Solvency Ratio vs. Liquidity Ratios: An Overview
Liquidity ratios and the solvency ratio are tools investors use to make investment decisions. Liquidity ratios measure a company's ability to convert its assets into cash. On the other hand, the solvency ratio measures a company's ability to meet its financial obligations.
- Liquidity ratios and the solvency ratio are tools investors use to make investment decisions.
- Liquidity ratios measure a company's ability to convert their assets to cash.
- The solvency ratio includes financial obligations in both the long and short term, whereas liquidity ratios focus more on a company's short-term debt obligations and current assets.
The solvency ratio is a comprehensive measure of solvency, as it measures a firm's actual cash flow—rather than net income—to assess the company’s capacity to stay afloat.
It measures this cash flow capacity in relation to all liabilities, rather than only short-term debt. This way, the solvency ratio assesses a company's long-term health by evaluating its repayment ability for its long-term debt and the interest on that debt.

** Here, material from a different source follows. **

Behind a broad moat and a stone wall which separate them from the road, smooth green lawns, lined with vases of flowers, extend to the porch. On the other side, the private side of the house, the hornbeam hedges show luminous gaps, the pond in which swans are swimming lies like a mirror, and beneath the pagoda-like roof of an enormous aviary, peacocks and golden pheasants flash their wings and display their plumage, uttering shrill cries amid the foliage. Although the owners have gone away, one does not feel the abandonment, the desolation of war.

Liquidity ratios gauge a company's ability to pay off its short-term debt obligations and convert its assets to cash. It is important that a company has the ability to convert its short-term assets into cash so it can meet its short-term debt obligations. A healthy liquidity ratio is also essential when the company wants to purchase additional assets.
For example, internal analysis regarding liquidity ratios involves using multiple accounting periods that are reported using the same accounting methods. Comparing previous time periods to current operations allows analysts to track changes in the business. In general, a higher liquidity ratio shows a company is more liquid and has better coverage of outstanding debts.
One common liquidity ratio is the current ratio. The current ratio measures a company's ability to meet its short-term debt obligations. It is calculated by dividing its current assets by its current liabilities. Generally, a higher current ratio indicates that the company is capable of paying off all of its short-term debt obligations. Another common liquidity ratio is known as the quick ratio. It measures a company's ability to meet its short-term obligations with its most liquid assets and therefore excludes inventories from its current assets. It is also known as the "acid-test ratio"
Liquidity ratio analysis may not be as effective when looking across industries as various businesses require different financing structures. Liquidity ratio analysis is also less effective for comparing businesses of different sizes in different geographical locations.